In 1994 the ANC ceased to be a liberation movement and became a political party. With this it lost all that comes with being a liberation movement. Clinging to attributes and characteristics of a liberation movement when circumstances have changed has demonstrated to be a danger to both the ANC itself as well as the country as a whole.
With the changing circumstances came the change in the cadre. Instead of selfless cadres prepared to die for the cause, we started seeing cadres interested only in self-enrichment and narrow factional interest. We started seeing a corrupt and an easily corruptible cadre. A cadre that seldom, if at all, puts the ANC and the people first. A cadre more concerned about which position he holds than in which position the people are. A cadre more concerned with the value of his car rather than the values of the ANC.
This caused a slow but definite erosion of the very distinct moral characteristic of the ANC that had been entrenched by leaders like Dube, Luthuli, Tambo, Sisulu, Mandela among others. This has completely changed the personality of the movement to that of an easy vehicle to wealth and power.
This rot is not only in the national life of the ANC but has manifested itself into all spheres of the movement.
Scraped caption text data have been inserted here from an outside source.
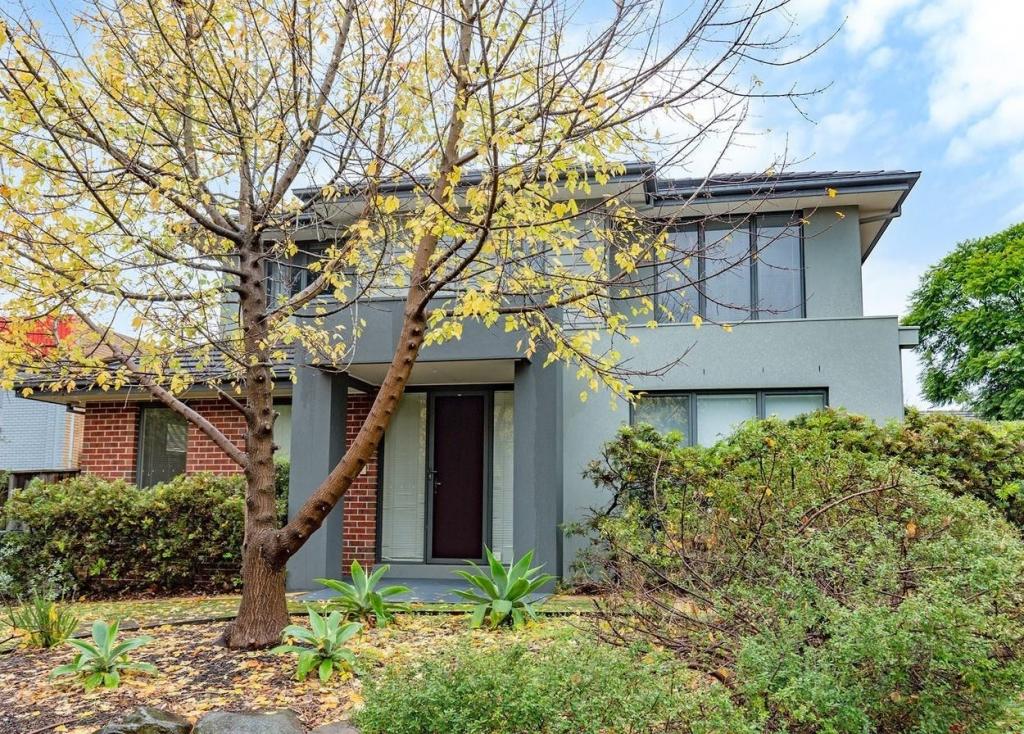 1/2 Montpellier Rd, Burwood, VIC 3125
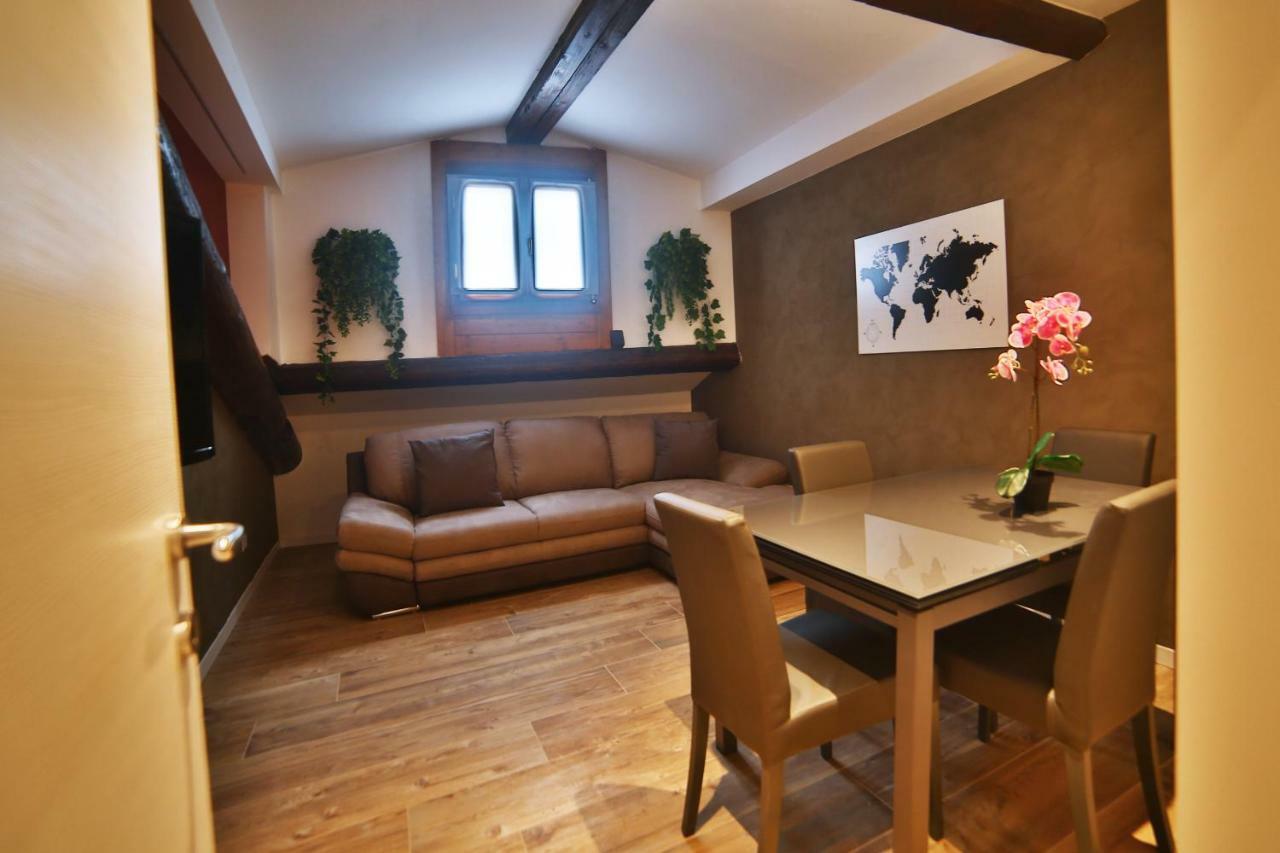 Garibaldi Fifty Attic Near Duomo Apartment มิลาน ภายนอก รูปภาพ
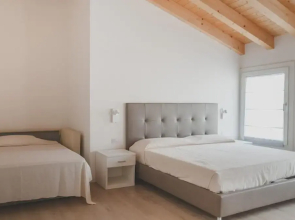 Terra Ferma Rooms & More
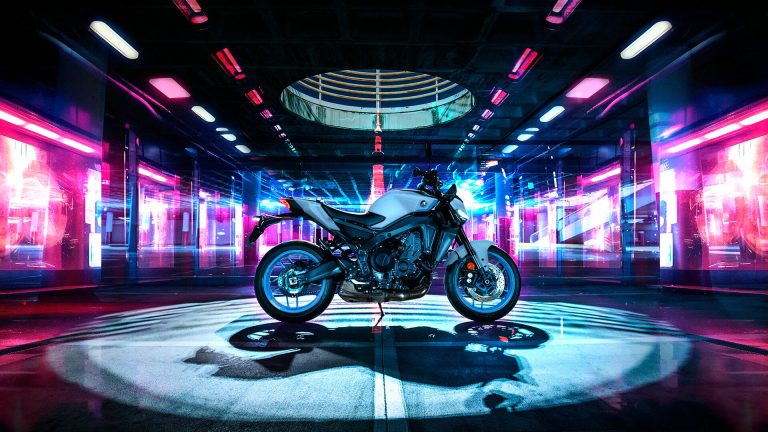 2025-Yamaha-MT09A-EU-Ice_Storm-Static-002-03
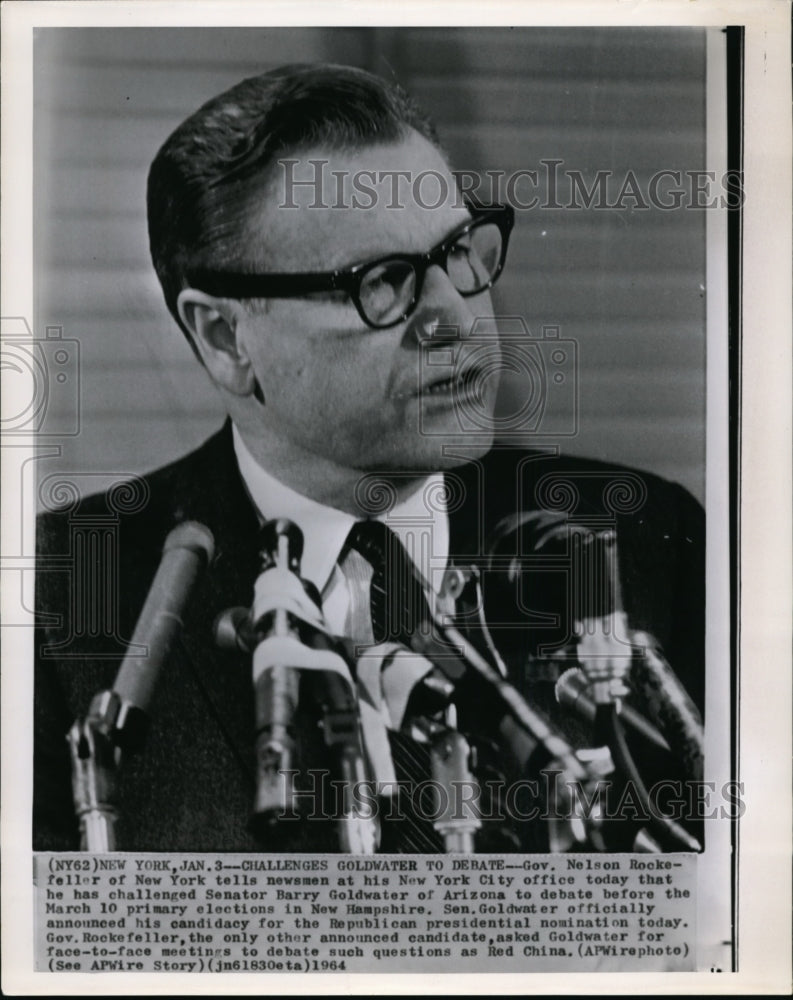 1964 Press Photo Gov. Nelson A. Rockefeller of New York tells newsmen at his - Historic Images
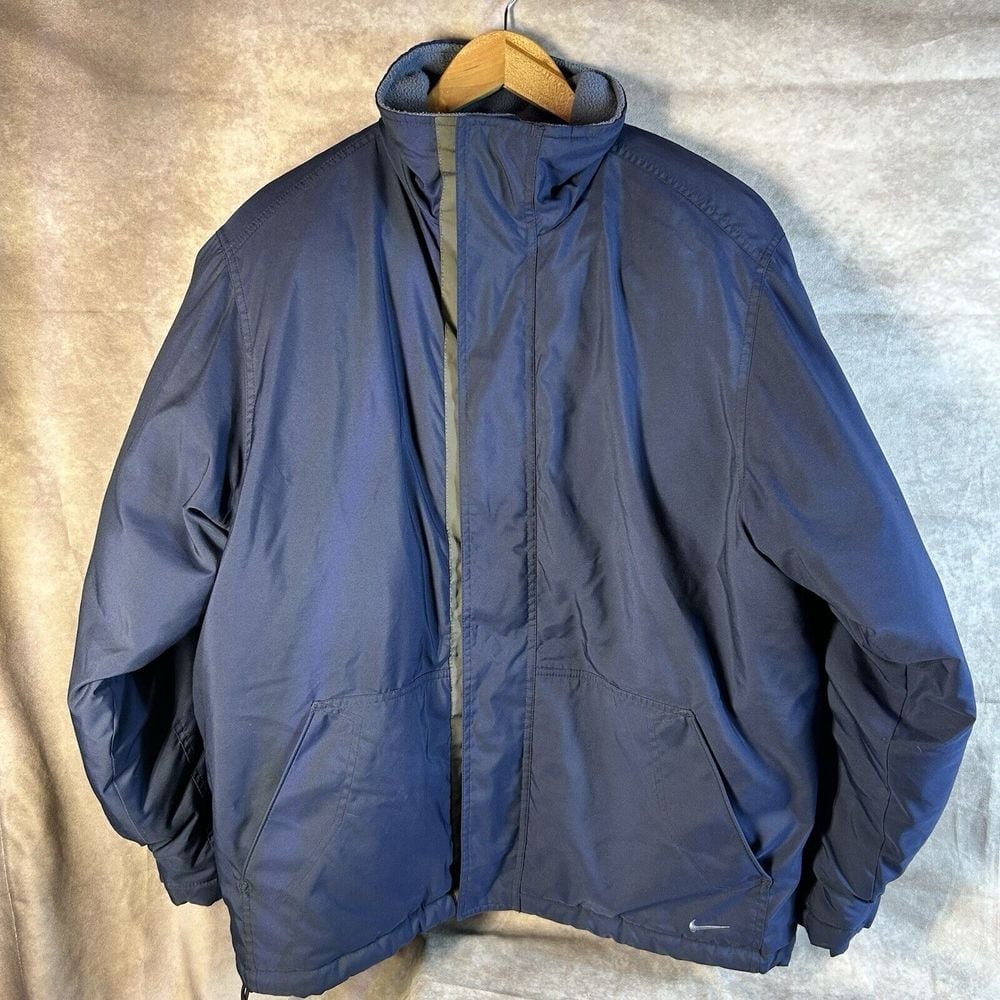 Vintage Y2k Nike Men's Size M Navy Blue Heavyweight Winter Jacket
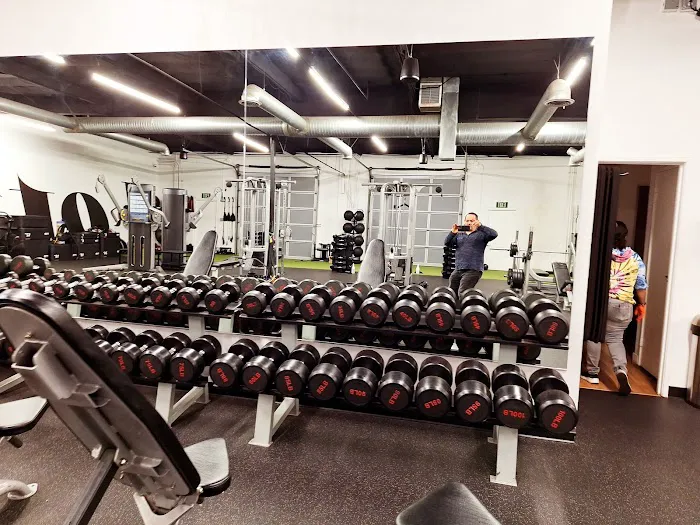 Four Hundred Fitness Club Picture 9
Even the character and personality of the basic unit — the branch — of the ANC has changed. Instead of being a centre for political education, policy development and discussion, the branch has become a centre for dispensing patronage and tender influence.
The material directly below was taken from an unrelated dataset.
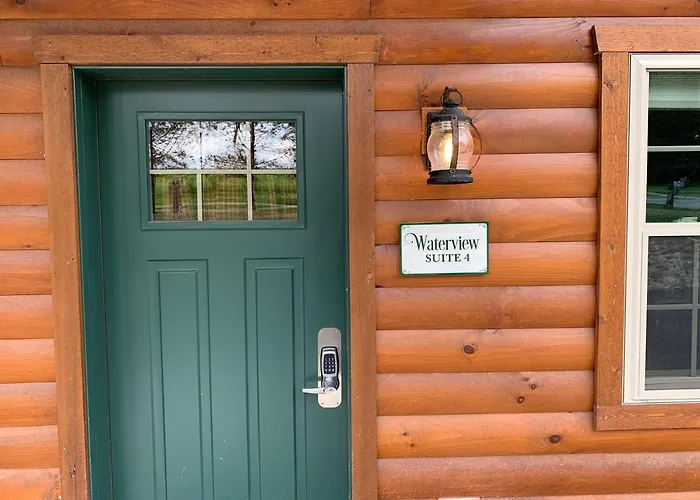 Waterview Lodge By Amish Country Lodging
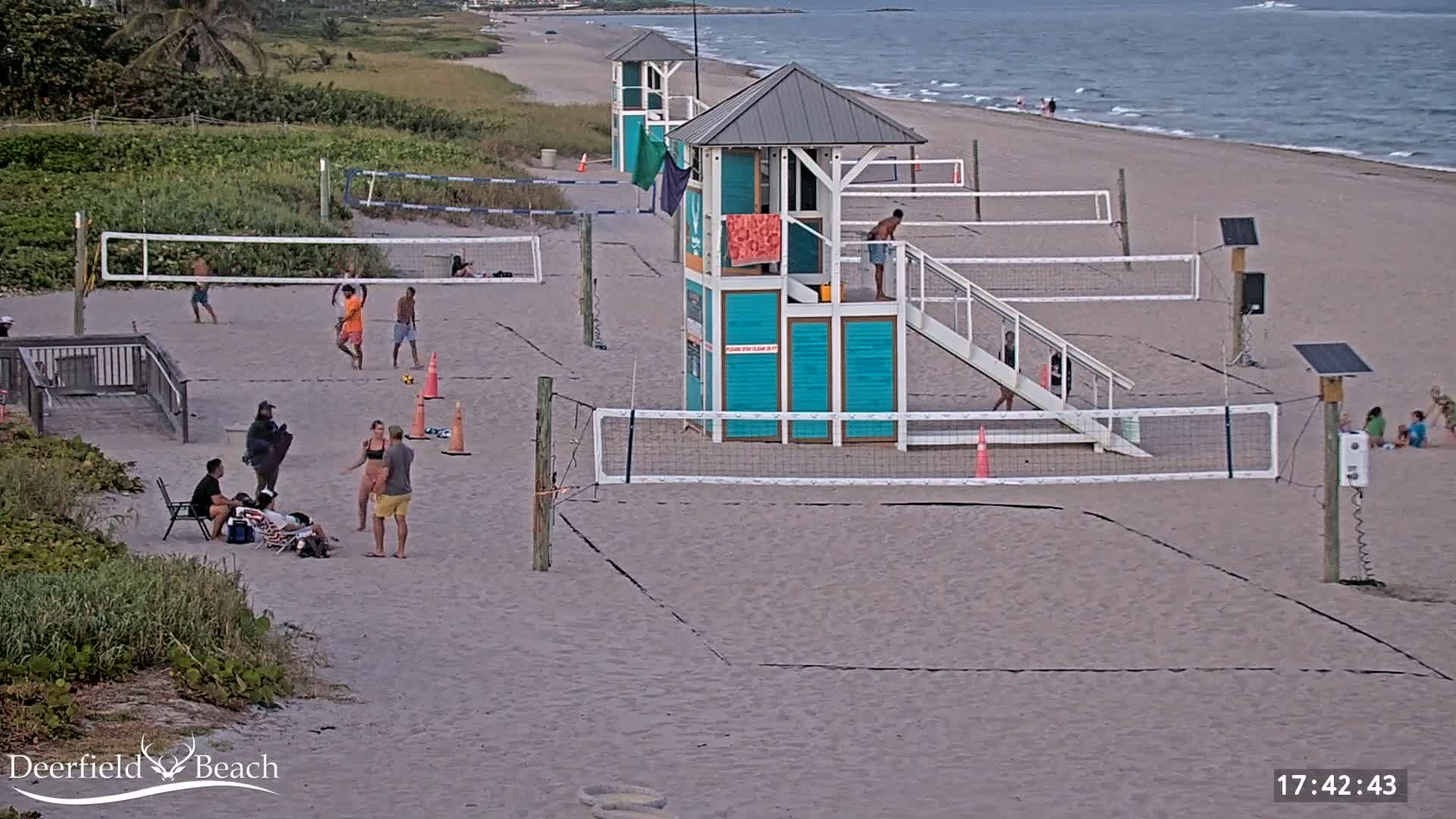 Deerfield Beach City Coast Volleyball Courts Live Cam - Deerfield Beach, Broward, Florida, USA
In all this madness, the people — who are the reason the ANC exists — are forgotten or have become a secondary concern. Strides have been made in some areas that were deliberately overlooked during apartheid. More people than ever have access to basic amenities, clean water, electricity, sanitation, housing, basic grants for the needy. Bulk infrastructure has improved and quality of life has generally improved.
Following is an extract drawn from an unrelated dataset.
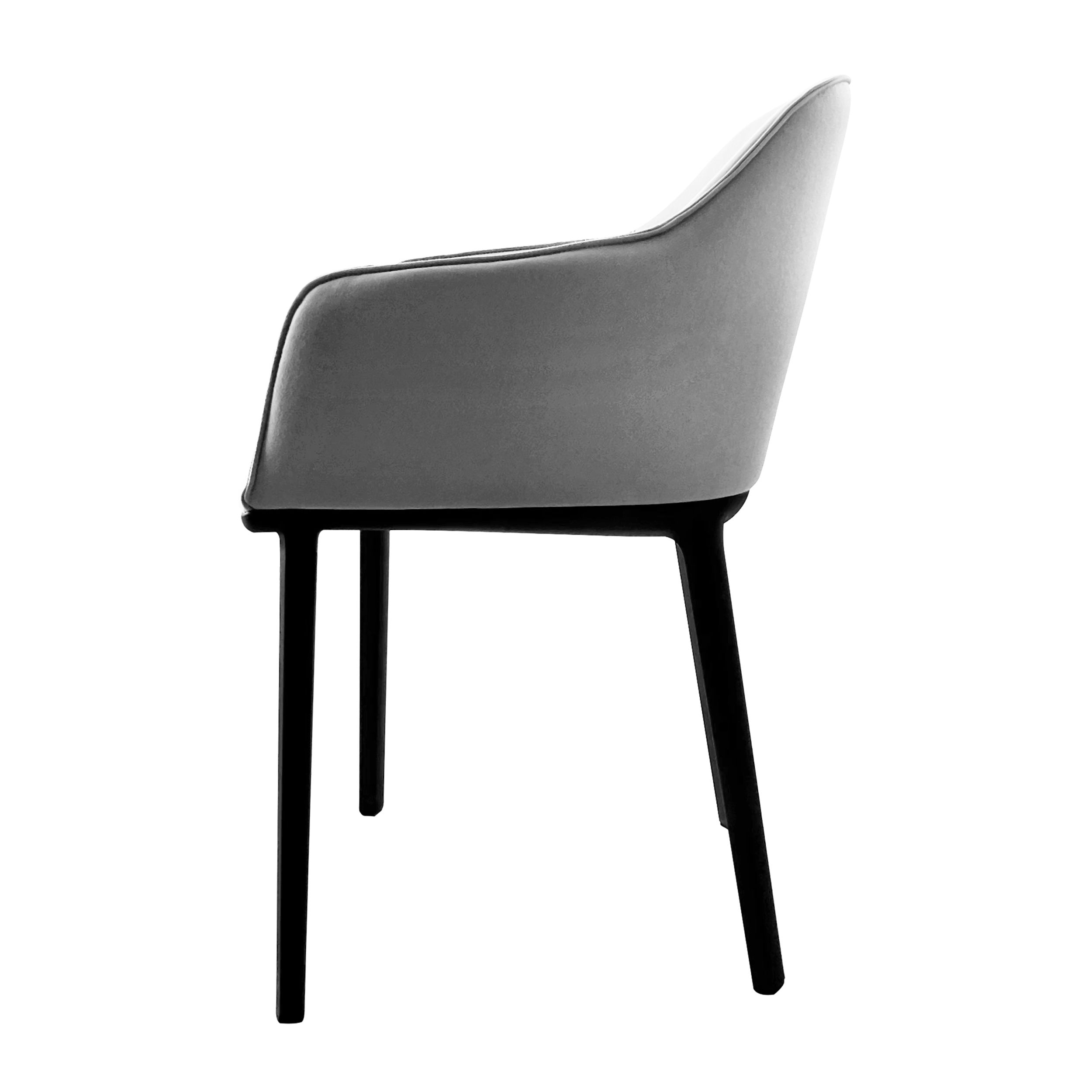 Armlehnstuhl Softshell Chair von Vitra in grauem Stoff als Freisteller seitlich.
Unfortunately there are dismal failures in areas of education, health, crime, land reform and general economic opportunities for black people. BEE has proven to be a spectacular failure and an easy vehicle of enrichment for the small elite. Land reform is disastrous due to incompetence, corruption and lack of political will, coupled with the unwillingness of the members of the White Inc to reform. The JSE is still widely white-controlled and very little has been transferred to black hands. The ANC seems powerless at the hands of the economic elite and has allowed them to dictate terms of change.
The proud history of the ANC is being desecrated daily by the lack of political will to take decisive action when dealing with corruption allegations within government. It is being desecrated when we fail to deal harshly with the corrupt and those who enrich themselves using public coffers.
The glorious history is being tarnished when leaders fail to force change within the economic sector and when we lose sight of what the ANC fathers and grandfathers fought for — the emancipation of black people and a peaceful coexistence of races. You can only bask in a glorious past if you still hold true to that past.
The current leadership of the ANC will do well to remember that the history of the organisation will only be effective if it still shapes the path and charts the future, otherwise it is useless and meaningless and those that hold it dear will not hold an empty shell.
The ANC will be history itself if it does not go back to the basics and allow its history to plot its future and that of the country’s. The honeymoon is over.